LICA-ASO treatment rescues satellite cells in the RNA toxicity mouse. (A) qRT-PCR shows decreased expression of toxic RNA (GFP DMPK 3′UTR mRNA) and increased Pax7 mRNA in TA muscles of DM200 D+ mice treated with hDMPK-ASO as compared with control-ASO treated mice, at 28 dpi. n = 4–5 mice per group, *P < 0.05; Student’s t-test, error bars are mean ± SEM. (B) IF for PAX7 (red) and quantification of satellite cells (white arrows) in TA muscle sections collected at 28 dpi show that treatment with hDMPK-ASO rescued the defect in satellite cell number caused by RNA toxicity; compare WT D+ to DM200 D+ mice treated with control-ASO or hDMPK-ASO. Nuclei are stained blue with DAPI. n = 4–5 mice per group; 3–5 non-overlapping sections/mouse; ***P < 0.001; Student’s t-test; error bars are as mean ± SEM. Scale bars = 50 μm.
Discussion
DM1 is the most common muscular dystrophy disorder in adults. It is a progressive dystrophy happening over decades and so is typically much slower than that seen in Duchenne muscular dystrophy. Practically, it has thus been difficult to characterize the muscular dystrophy and elements contributing to the pathogenesis, from a clinical perspective. Many mouse models of RNA toxicity have been generated to study the concept of RNA toxicity and its role in DM1 (5). However, most have limited evidence for progressive dystrophic changes, including the prototypic HSA-LR mouse model (54). This is true of the DM200 mouse model presented here as well, where we do not observe significant weight loss, loss of muscle mass or muscle fiber size changes (Supplementary Material, Fig. S5) in the 1- to 2-month window of the studies (44). Other studies have reported some evidence for dystrophic changes in the homozygotes of the DMSXL mouse model, which express the CUG expanded DMPK mRNA from a transgene encoding the entire human gene with (CTG)>1000 (55). However, this model has severe growth retardation (body weight of only 50% of wild-type littermates) and very high pre-weaning mortality (>60%), complicating the study of muscle wasting and dystrophy. More recently, another mouse model, the TREDT960I, containing a tetracycline inducible transgene with human DMPK exons 11–15 with a 960 interrupted CTG repeat, has been reported to have gender specific mild myopathic changes in specific muscles in the absence of regeneration (8). Of note, with the exception of the DMSXL mouse model (55), the remaining mouse models have robust expression of the toxic RNA, with levels that are significantly higher than the Dmpk gene (8,45). This suggests the possibility that the threshold for toxicity in mouse skeletal muscles leading to dystrophic changes is higher or that other unknown or differing mechanisms may be at play between the mouse and human conditions.
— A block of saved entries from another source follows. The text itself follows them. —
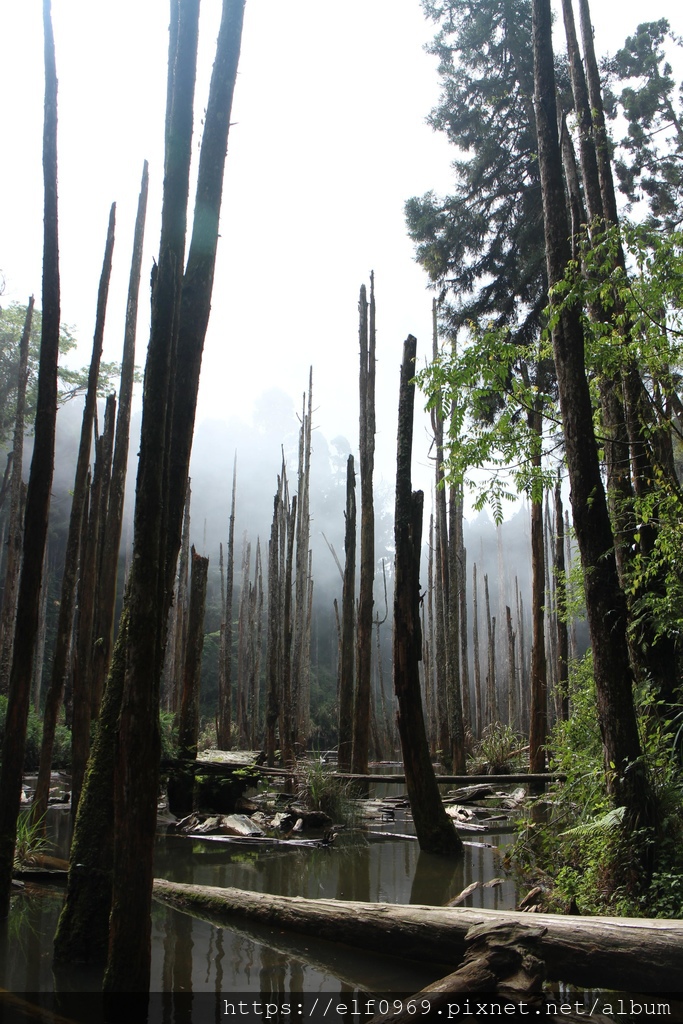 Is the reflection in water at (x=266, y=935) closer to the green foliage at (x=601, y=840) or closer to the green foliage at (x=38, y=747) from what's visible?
the green foliage at (x=601, y=840)

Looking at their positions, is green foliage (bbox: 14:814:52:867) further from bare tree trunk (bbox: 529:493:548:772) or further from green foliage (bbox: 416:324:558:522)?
bare tree trunk (bbox: 529:493:548:772)

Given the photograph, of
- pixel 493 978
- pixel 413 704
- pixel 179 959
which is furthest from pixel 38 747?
pixel 493 978

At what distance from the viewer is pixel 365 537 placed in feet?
41.0

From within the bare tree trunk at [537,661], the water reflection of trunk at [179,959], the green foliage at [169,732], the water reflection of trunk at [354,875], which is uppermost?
the bare tree trunk at [537,661]

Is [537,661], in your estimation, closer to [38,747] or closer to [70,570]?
Answer: [70,570]

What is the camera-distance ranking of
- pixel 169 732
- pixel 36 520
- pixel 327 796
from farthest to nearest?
pixel 169 732
pixel 327 796
pixel 36 520

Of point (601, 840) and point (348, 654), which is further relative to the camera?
point (348, 654)

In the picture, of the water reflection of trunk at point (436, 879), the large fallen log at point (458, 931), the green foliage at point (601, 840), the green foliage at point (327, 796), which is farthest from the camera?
the green foliage at point (327, 796)

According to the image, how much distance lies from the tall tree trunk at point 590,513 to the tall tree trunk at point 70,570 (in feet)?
15.6

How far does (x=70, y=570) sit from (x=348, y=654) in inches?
269

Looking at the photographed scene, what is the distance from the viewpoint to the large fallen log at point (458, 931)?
10.4ft

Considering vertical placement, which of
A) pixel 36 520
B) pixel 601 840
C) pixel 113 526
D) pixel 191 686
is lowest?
pixel 601 840

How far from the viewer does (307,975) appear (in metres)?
3.74

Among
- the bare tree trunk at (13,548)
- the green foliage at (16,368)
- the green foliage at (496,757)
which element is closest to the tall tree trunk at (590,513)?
the green foliage at (496,757) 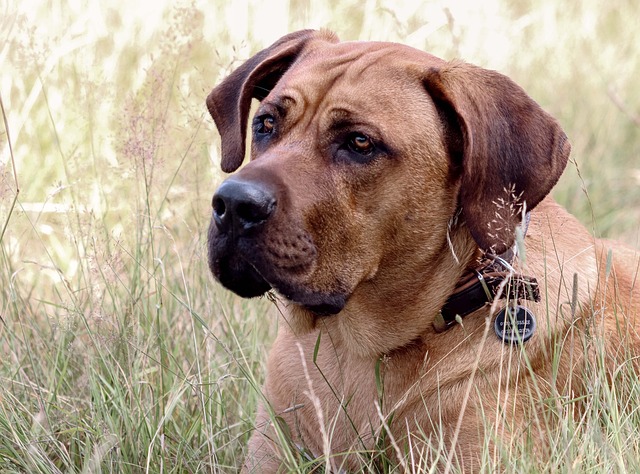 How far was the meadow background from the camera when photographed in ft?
12.1

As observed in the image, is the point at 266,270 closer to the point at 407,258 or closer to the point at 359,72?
the point at 407,258

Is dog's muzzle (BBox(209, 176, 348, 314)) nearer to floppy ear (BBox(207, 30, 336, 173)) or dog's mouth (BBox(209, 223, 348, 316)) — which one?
dog's mouth (BBox(209, 223, 348, 316))

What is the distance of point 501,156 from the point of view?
139 inches

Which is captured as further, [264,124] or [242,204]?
[264,124]

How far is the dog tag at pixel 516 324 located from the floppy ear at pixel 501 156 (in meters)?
0.25

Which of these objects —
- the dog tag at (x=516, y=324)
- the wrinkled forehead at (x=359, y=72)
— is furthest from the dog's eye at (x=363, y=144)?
the dog tag at (x=516, y=324)

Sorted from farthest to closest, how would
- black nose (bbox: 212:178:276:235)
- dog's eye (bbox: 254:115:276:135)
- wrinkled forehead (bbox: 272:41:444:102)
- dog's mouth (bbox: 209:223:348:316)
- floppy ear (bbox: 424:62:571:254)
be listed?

Here, we decided to use a controlled experimental approach to elicit skeletal muscle damage and study the regenerative response to it. Although, this may not be the typical way in which muscle damage is likely to occur in the human condition, the concept of chemically (cardiotoxin, notexin, BaCl2) or physically (freeze injury) induced damage has been used for several decades to define the underlying molecular, cellular and histologic changes that happen during the regenerative response to damage (13,16,47–49). The key to a regenerative response in adult skeletal muscle is the satellite cell. Several elegant studies using genetically modified mice have clearly shown that satellite cells are indispensable to adult muscle regeneration (50,56–58). Severe reductions in the number of satellite cells resulted in impaired regeneration and increased fibrotic and fatty infiltration with repeated damage.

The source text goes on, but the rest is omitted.